→ To do: For this exercise, write out only the lines of the entries below from the one with "Alright, I'm not" up to and including the one with "You can call", exactly as they are. Pictures stay out.
---------- Data extracts ----------
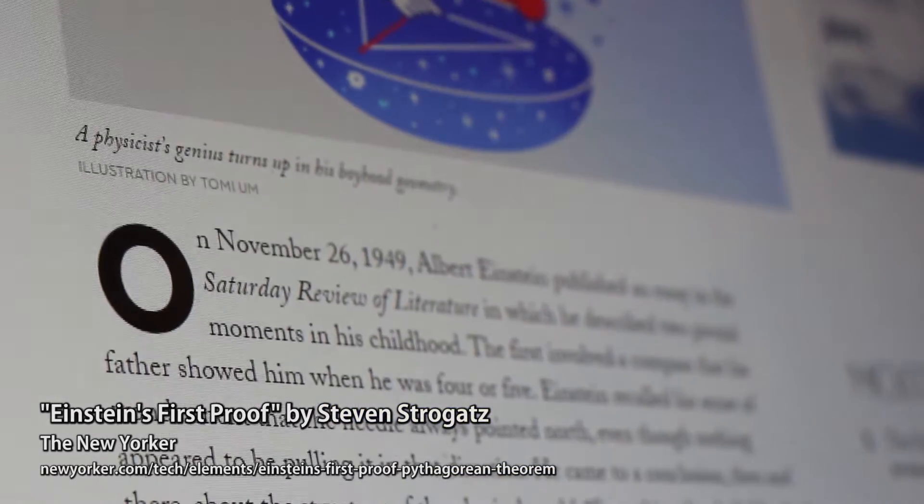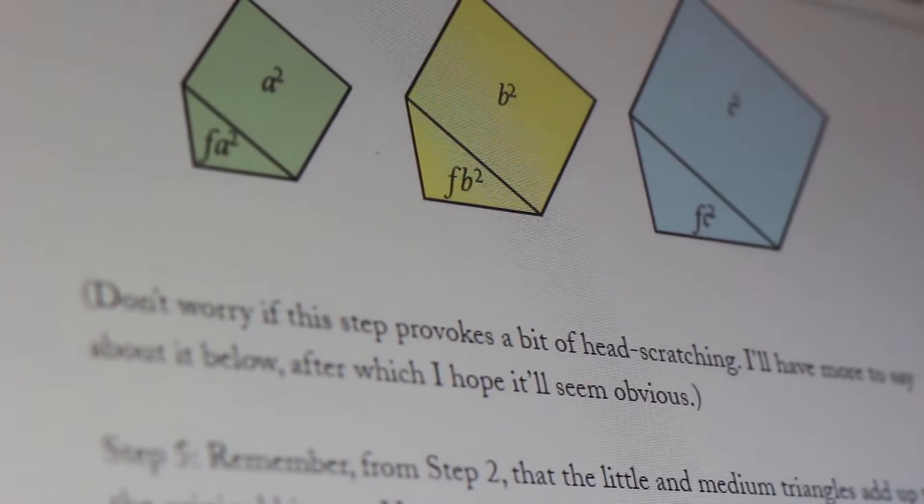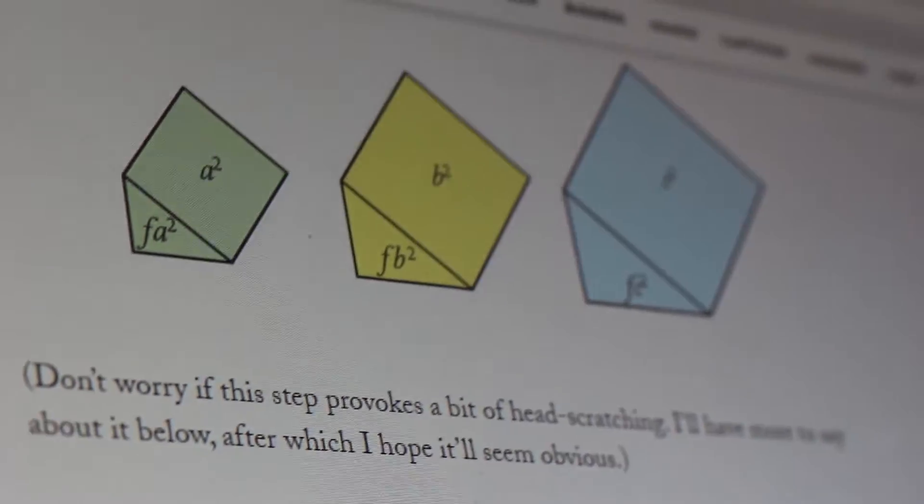We know that the area of a triangle is one half of the base times the height. Because he bisected that angle, these have the same angle here. And if the angles are all the same, that means the lengths are also the same proportion. So then he makes a square out of it.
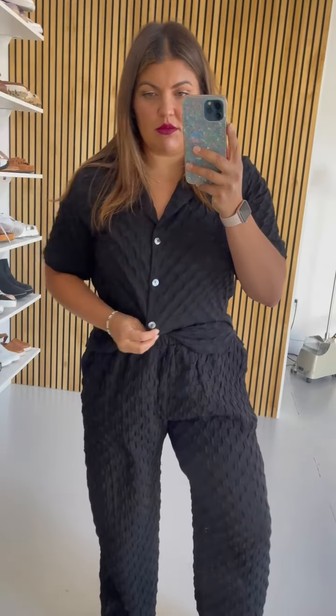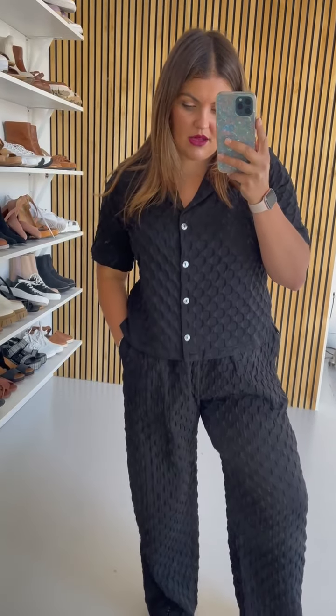The shirt would also be so cute paired separately with just like a pair of jeans, and the large is great in that one as well. You can wear it buttoned up and tucked in if you want to, or this would also be really cute worn unbuttoned with like a form-fitted tank top underneath.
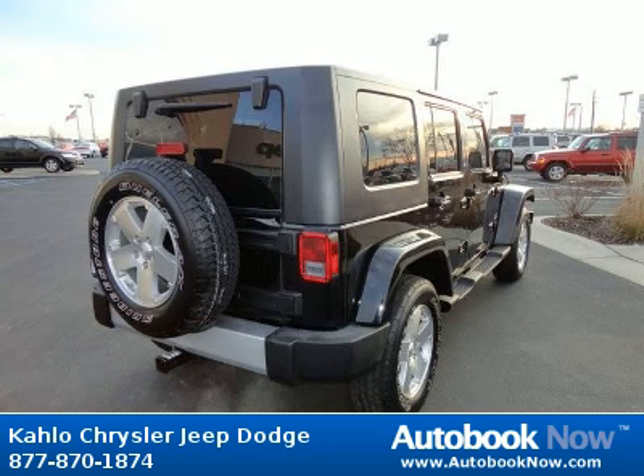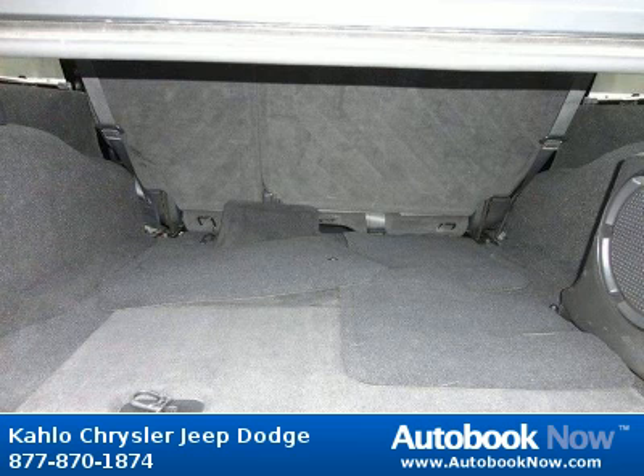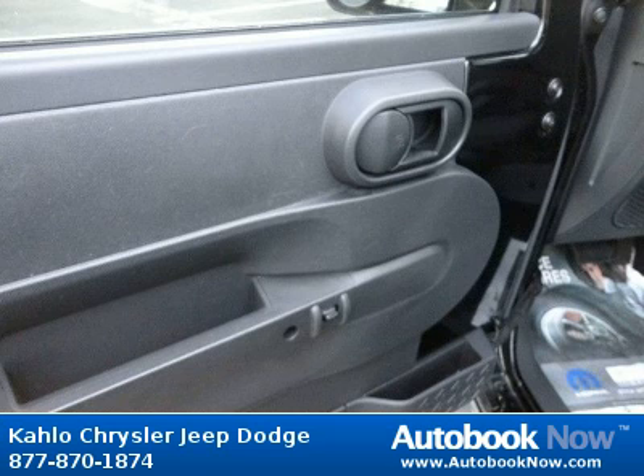Features include easy folding soft top with scinerator feature, black front frame overlay, body color grille, and much more. Visit autobooknow.com for more details. Thank you.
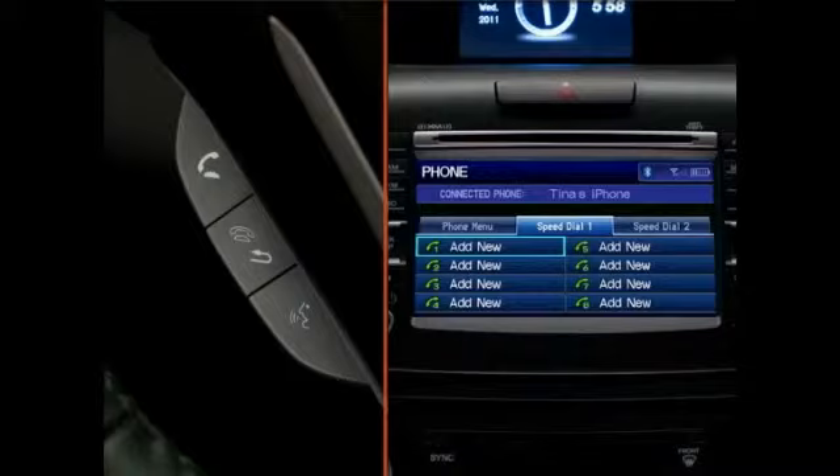Once the number is selected or entered, the system will ask you if you'd like to assign a voice tag. Select Yes and use the Talk button to say the name for the speed dial entry.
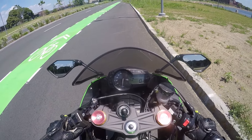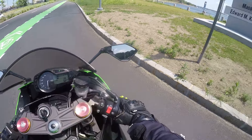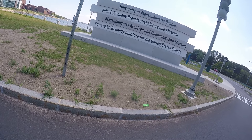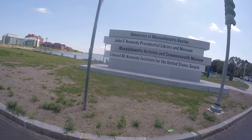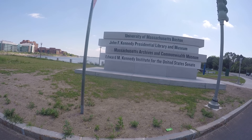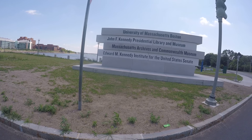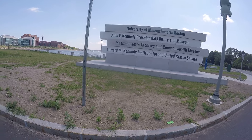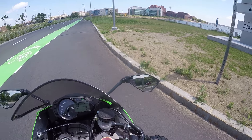Alright, I'm not in the greatest spot here, so I'm not going to shut the engine off. So: University of Massachusetts Boston, John F. Kennedy Presidential Library and Museum, Massachusetts Archives and Commonwealth Museum, Edward M. Kennedy Institute for the United States Senate. Alright, here we go.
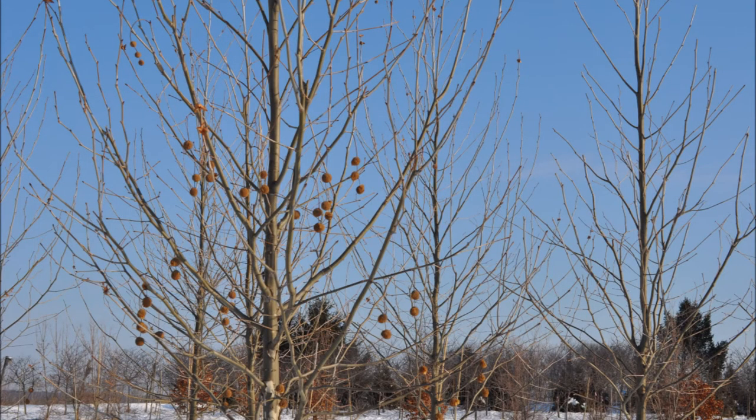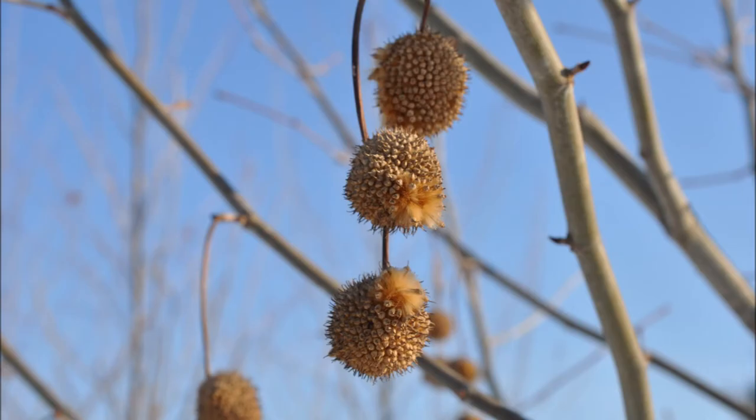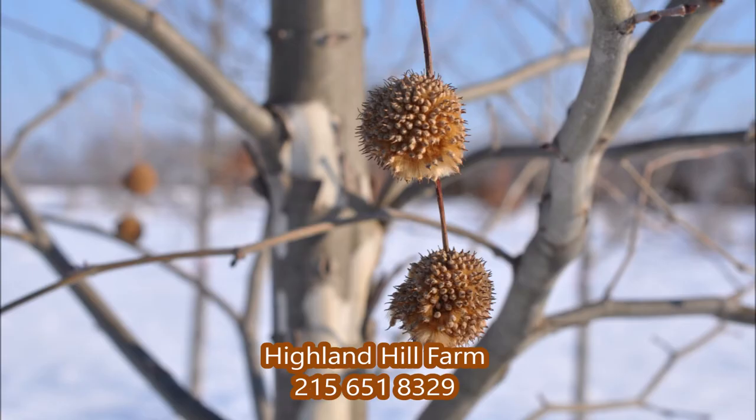You can call us for this tree at 215-651-8329. We are located in Fountainville, PA near Doylestown.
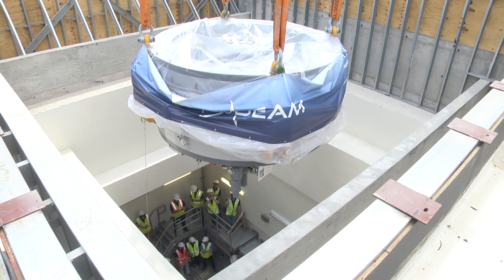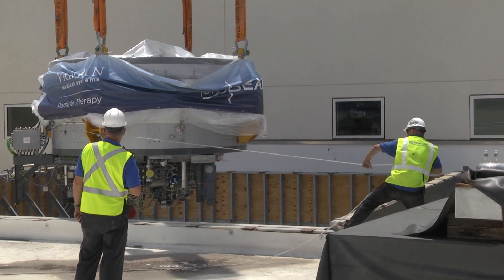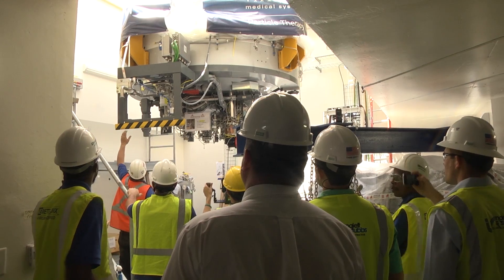Emory is very proud to be the clinical partner of the Emory Proton Therapy Center. When the therapy center opens late next year, Winship Cancer Institute physicians, nurses, physicists, and other medical professionals will provide patient services here. Proton Therapy, particularly the system that we're installing here, is the most sophisticated version of radiation therapy available.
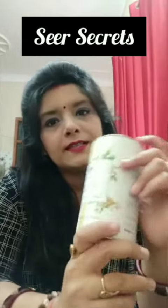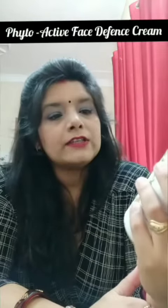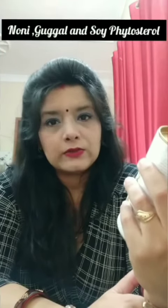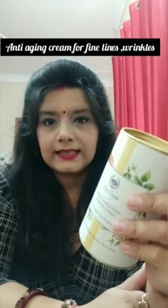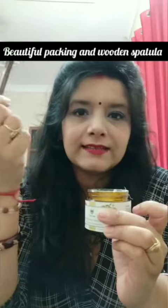Hello InstaFams, recently I got my hands on this Seer Secrets Phytoactive Face Defense Cream with Noni, Gukul and Soy Phytosterol. It is a firming and brightening cream with a collagen booster. It's an anti-aging treatment which firms and brightens the skin, and it also helps in cleansing the clogging sebaceous glands. It comes with beautiful packaging and a wooden spatula.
----------
→ Solved exercise:
Alright, I'm not in the greatest spot here, so I'm not going to shut the engine off. So: University of Massachusetts Boston, John F. Kennedy Presidential Library and Museum, Massachusetts Archives and Commonwealth Museum, Edward M. Kennedy Institute for the United States Senate. Alright, here we go.
You can call us for this tree at 215-651-8329. We are located in Fountainville, PA near Doylestown.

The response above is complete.